In October 2019, as you may recall, the infamous white savior rogue charter conspiracy known as The Accelerated Schools held a board meeting at which they committed three distinct and shocking violations of California’s quintessential government transparency law, the Brown Act. One of the most appalling of this series of thoroughly appalling transgressions was their requirement that members of the public sign their names to a sheet in order to enter the public meeting.

This, of course, is explicitly forbidden by the Brown Act at §54953.3.1 TAS attempted to excuse this outlawry by claiming that they weren’t requiring a signature to attend the meeting, but just to enter the school grounds on which the meeting was being held. This is nonsense, of course, but nevertheless typical of the kind of empty technical loopholes that arrogant privileged zillionaires and their minions seem to believe are all it takes for them to evade their legal obligations.2

And so on December 18, 2019, in accordance with the procedures mandated by the Brown Act,3 I sent them a letter demanding that they unconditionally commit never to ever require people to sign in to attend their meetings and informing them that if they didn’t completely obey me within 30 days I was going to file a petition asking a judge to (metaphorically) slap some damn sense into them.

And lo! Just yesterday, TAS’s metaphorically mobbed up lawyer Wayne K. Strumpfer of privatizing powerhouse law firm Young Minney & Corr, who’s basically a liar and enabler of outlawry but evidently knows a losing position when his clients manage to back themselves into one, sent me a letter utterly and abjectly capitulating to my demand!

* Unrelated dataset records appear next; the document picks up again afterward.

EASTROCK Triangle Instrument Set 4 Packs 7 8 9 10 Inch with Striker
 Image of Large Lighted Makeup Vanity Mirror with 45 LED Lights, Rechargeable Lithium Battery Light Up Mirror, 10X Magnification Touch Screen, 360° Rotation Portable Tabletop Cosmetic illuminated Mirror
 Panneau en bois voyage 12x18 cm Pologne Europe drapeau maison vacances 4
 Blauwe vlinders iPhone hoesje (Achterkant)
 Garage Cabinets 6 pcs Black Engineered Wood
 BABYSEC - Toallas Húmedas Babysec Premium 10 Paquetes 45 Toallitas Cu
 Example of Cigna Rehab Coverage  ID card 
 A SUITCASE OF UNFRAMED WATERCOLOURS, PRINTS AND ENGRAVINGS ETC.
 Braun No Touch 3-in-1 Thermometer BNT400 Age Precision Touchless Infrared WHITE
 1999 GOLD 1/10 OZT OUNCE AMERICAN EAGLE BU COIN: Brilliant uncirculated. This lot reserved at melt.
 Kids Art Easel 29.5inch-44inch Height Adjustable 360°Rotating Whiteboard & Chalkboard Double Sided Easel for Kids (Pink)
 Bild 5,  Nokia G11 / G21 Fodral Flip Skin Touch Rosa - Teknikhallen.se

But before he got around to the utter abjection Dr. Strumpfer went on and on and on explaining to me that The Accelerated Schools actually did nothing wrong, that I pretty much made everything up, that his clients only acted according to the very highest motivations, and that requiring people to sign in to attend meetings is how TAS prevents school shootings! And I guess that that’s working because as far as I know they haven’t had any.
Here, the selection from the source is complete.